> [Task directions] Copy each line below as written, but skip the pictures.

> [Recorded data]
***

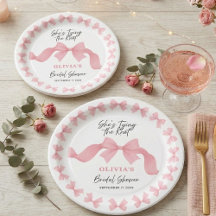 Elle Noue le Nœud Joli Rose Pâle Mariage Cérémonie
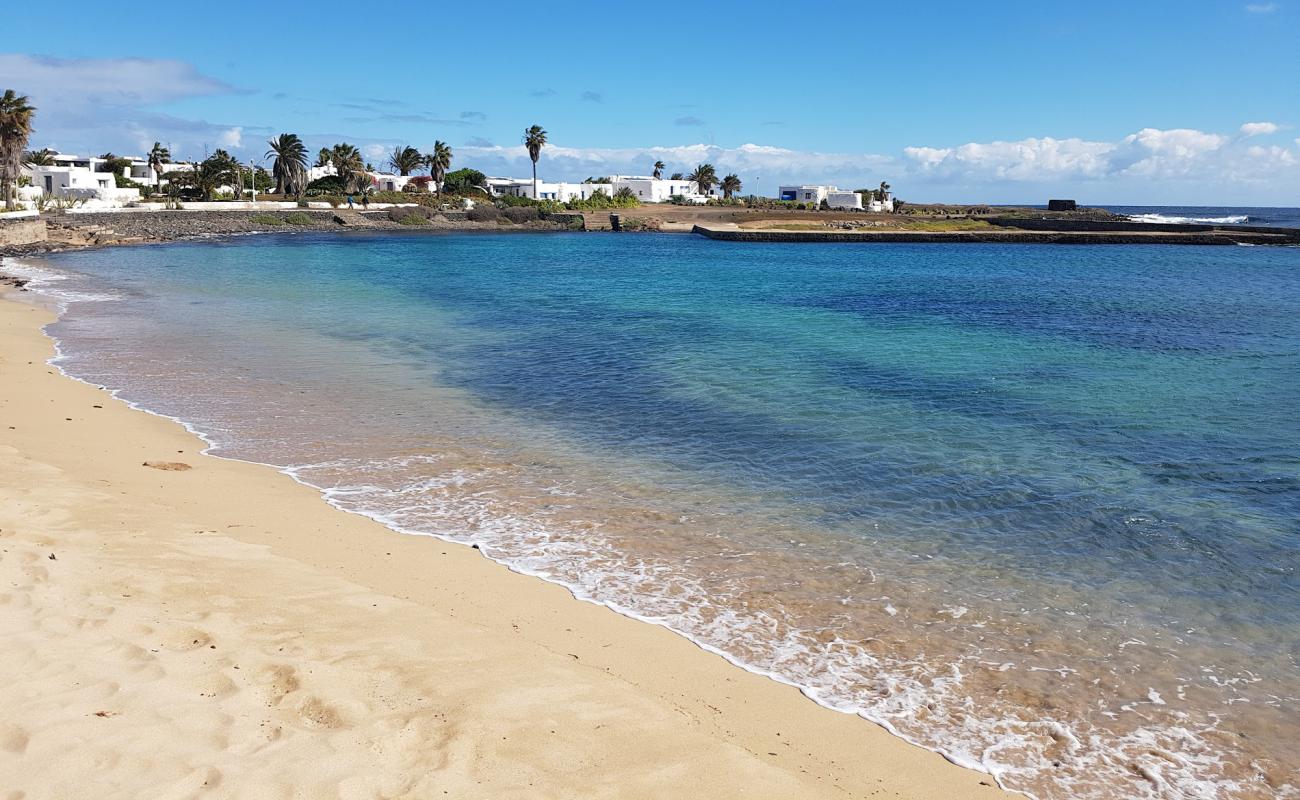 Photo de Playa de Pedro Barba avec sable lumineux de surface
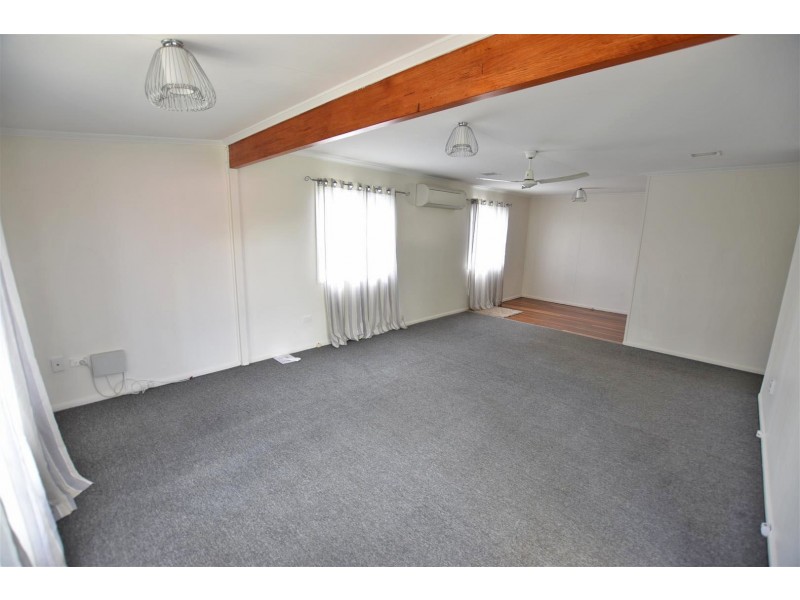 14 Crest Street, Kallangur QLD 4503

***

> [Task answer]
 Elle Noue le Nœud Joli Rose Pâle Mariage Cérémonie
 Photo de Playa de Pedro Barba avec sable lumineux de surface
 14 Crest Street, Kallangur QLD 4503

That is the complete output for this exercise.